Gue mengernyit menuntut maksud, tapi Bang Topan keburu pergi. Syukurlah, cuman ungkapan syukur itu sepertinya perlu gue tunda karena dia benar memesan sesuatu pada orang di balik etalase. Gue mencoba nggak peduli dan pilih meneruskan urusan perut. Di antara gue dan Cania nggak tersisa kata untuk diungkap. Momen kami terlanjur diacak.

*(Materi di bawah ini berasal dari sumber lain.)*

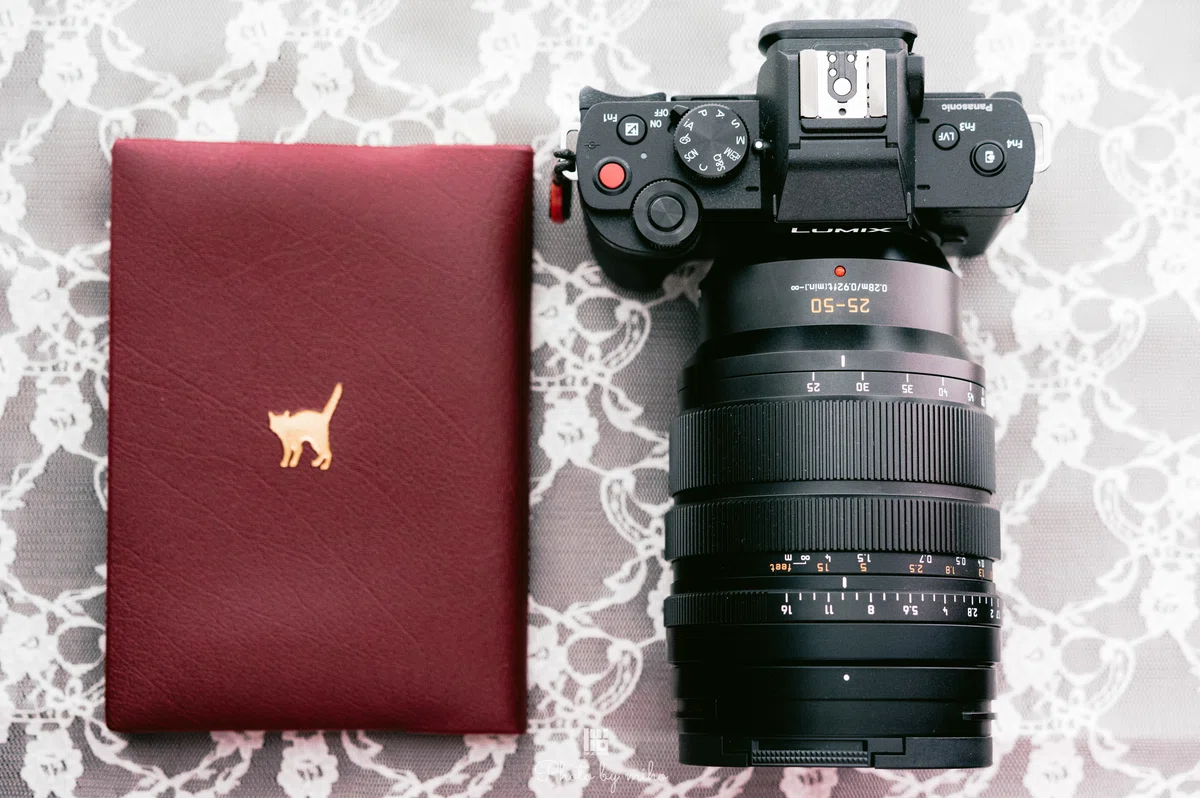 LUMIX G100とゆく│静岡の街を、4本のLEICA DGレンズで撮る｜miho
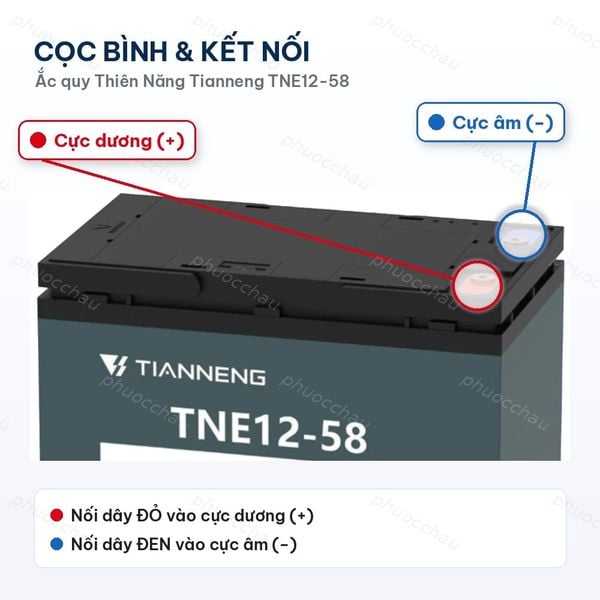 Cọc bình ắc quy Thiên Năng TNE12-58 loại I2 gồm cọc dương (+) và cọc âm (−)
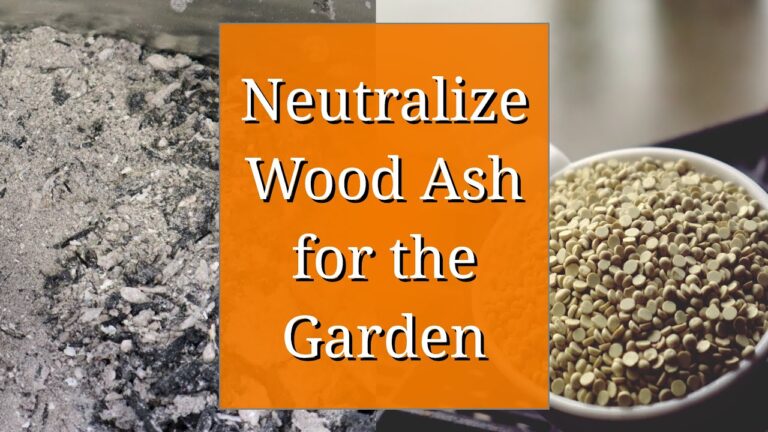 The Sustainable Use of Wood Ash in the Garden: Benefits and Considerations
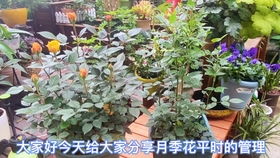 月季花苗移栽蕞佳时间揭秘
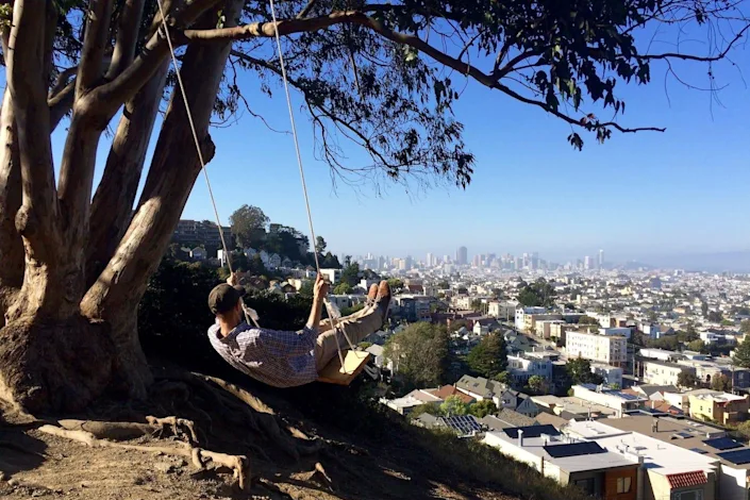 The swing on top of Billy Goat Hill.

Nggak lama, gue mendengar bunyi jeluak lalu menyadari Cania seperti mau muntah. Cania merintih, "Togeee."

Gue buru-buru menggeser kotak tisu ke hadapan Cania. Dia tarik kasar beberapa lembar. Sebelum lari ke luar dengan tas selempang yang masih tersampir di bahu, dia memberi isyarat telapak tangan menyetop. Upaya mencegah gue mengikutinya.

Gue patuh. Mencoba sekuatnya membelokkan asumsi jadi lebih positif. She's gonna be okay.

"Enak, ya, sarapan ditemenin." Bang Topan tahu-tahu menyerobot posisi duduk di samping gue.

Gue menyahut malas, "Kebetulan hari ini doang."

"Udah lama lo?"

"Sejak lo telepon tadi, berapa menitan."

"Maksud gue bukan lama yang itu, Men."

Gue seluruhnya menghadap manusia di sebelah. Mata gue naik turun. Mulut bungkam. Selanjutnya, berpaling lagi menyendok kuah.

"Ngomong-ngomong di sini ada wifi, nggak, sih? Paketan ngadat mau nge-wa Revina." Gestur gue barusan mungkin cukup membuatnya berpikir dua kali untuk nanya-nanya soal hubungan pribadi.

"Tuh, thetering hape gue." Mata ini meliuk ke arah hape nggak jauh mangkuk gue berada. Gue nggak peduli soal siapa Revina dan mengikhlaskan segalanya.

"Boleh?"

"Nyalain sendiri, Bang."

"Buka dulu, gih."

"Nggak ada password-nya."

"Wih, tumben ada orang begini."

Gue nggak menanggapi lagi. Mulut menunda suapan dari sendok. Cania kok lama?

"Eh, lo nge-DM orang? Gue nggak sengaja liat, nih."

Garis kening gue memusat. Perasaan gue nggak baru saja mengirimi siapapun pesan dan gue akan selamanya jauh dari pikiran kirim chat lewat Instagram. Siapa tiba-tiba ...

[leoniacel]


hai

Iya?

Rasanya, gue benar pengin hilang dari Bumi. Ditambah lagi, niat awal gue pesan soto benar terealisasi.